### Segmenting and Clustering Neighborhoods in Toronto
##### Capstone project assignment - Samuel Mensah
In this assignment we explore and cluster the neighborhoods in Toronto, where the data is scraped from Wikipedia pages

In [1]:
# import necessary packages
from bs4 import BeautifulSoup
import requests
import numpy as np
import pandas as pd

#### Scrape Toronto table from wikipedia pages
We use the requests and Beautifulsoup libraries for scraping data for a given url

In [2]:
html_url = 'https://en.wikipedia.org/wiki/List_of_postal_codes_of_Canada:_M'
source   = requests.get(html_url).text
soup = BeautifulSoup(source, 'html.parser')

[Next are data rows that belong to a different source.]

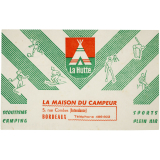 Buvard publicitaire. La Hutte.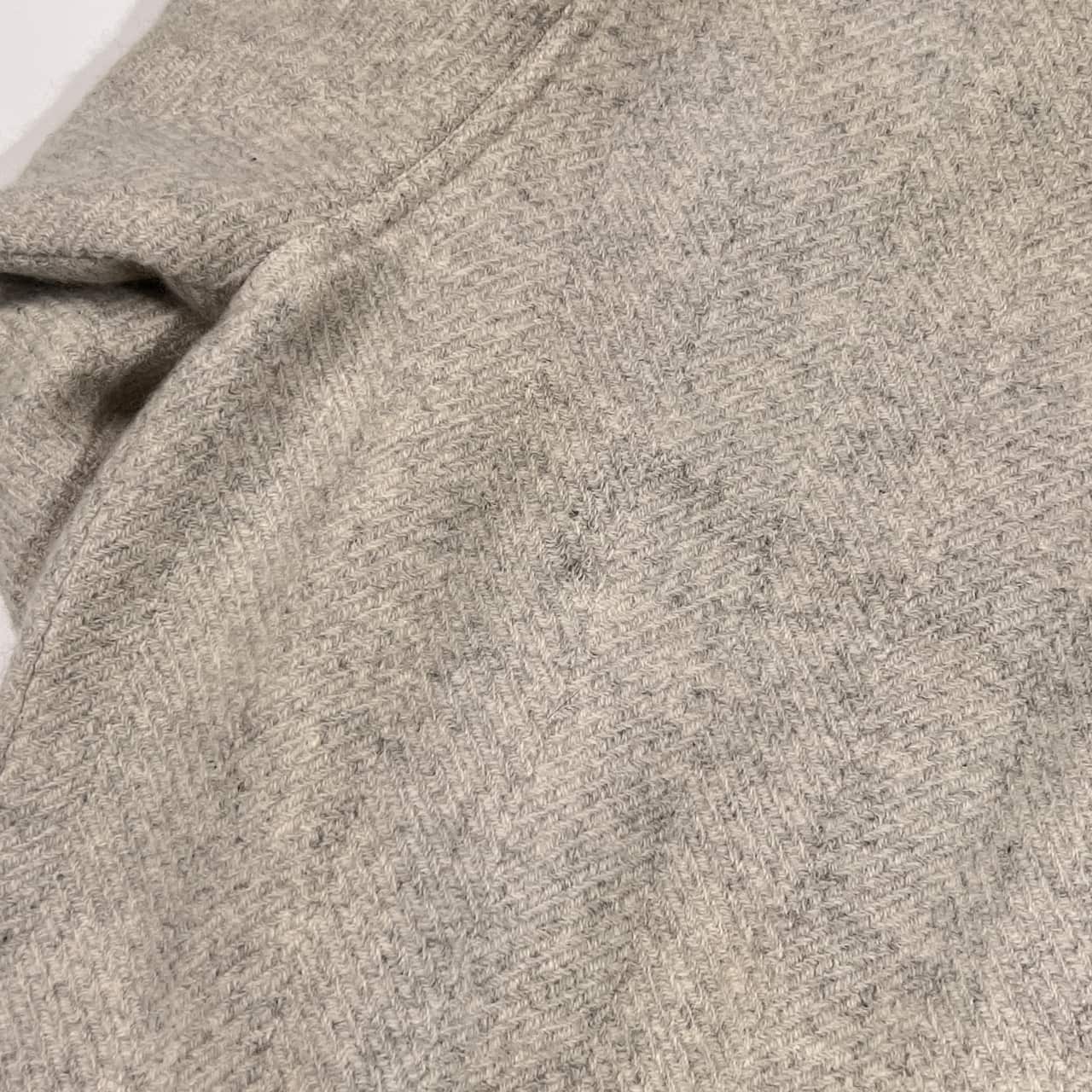 カシミヤ100% GEEGELLAN ジーゲラン ニット ジャケット 48/パールグレー系 メンズ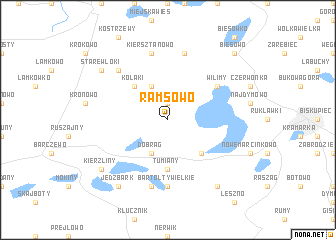 map of Ramsowo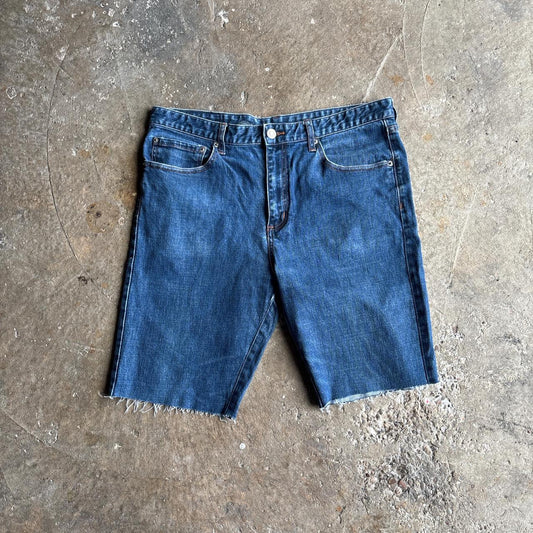 Blue Denim Dickies Cut Shorts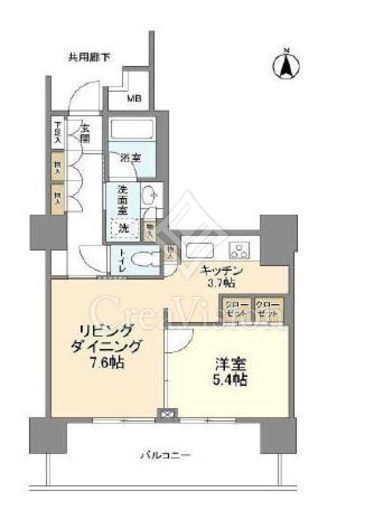 豊洲シエルタワー 7階 間取り図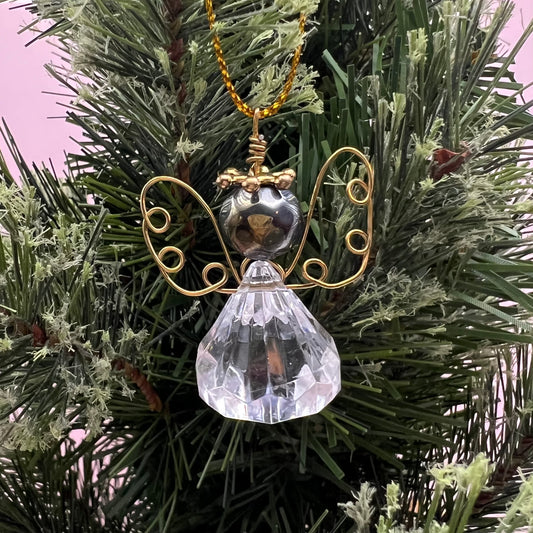 Black and Gold Angel Ornament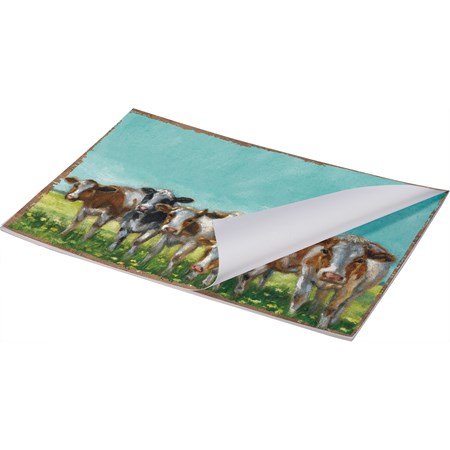 Paper Placemat Pad - Cows - 17.50" x 12" - Paper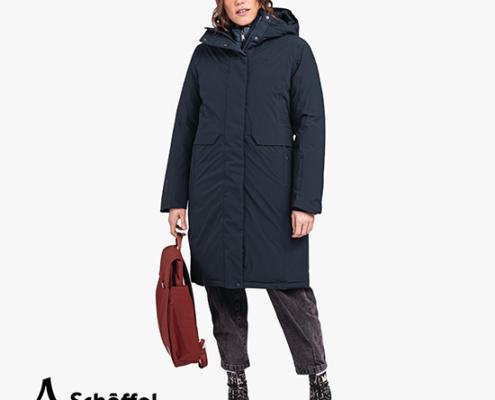SCHOFFEL-13468-DOWN PARKA CANTERBURY L-PARKA IMPERMÉABLE-FEMME-8820 NAVY-BLEU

# find table using soup object
table = soup.find("table", class_="wikitable sortable") # inspect the table in html to get the class name
# get all rows from table
all_rows = table.find_all('tr')

#### Read table into dataframe
We read the text of each row and directly append it into a dataframe, 1st row is the header which is indexed as 0.  
The first column is the Postcode, 2nd column in the Borough and 3rd column is the Neighbourhood

In [3]:
# loop over rows and get values
for count, row in enumerate(all_rows):
    if count == 0: # head
        # define dataframe columns
        column_names  = row.text.split('\n')[1:4]
        # instantiate the dataframe
        neighborhoods = pd.DataFrame(columns=column_names)
    else:
        # get values of rows
        postcode, borough, hood = row.text.split('\n')[1:4] 
        # append to dataframe 
        neighborhoods = neighborhoods.append({'Postcode': postcode,
                                              'Borough': borough,
                                              'Neighbourhood': hood,}, ignore_index=True)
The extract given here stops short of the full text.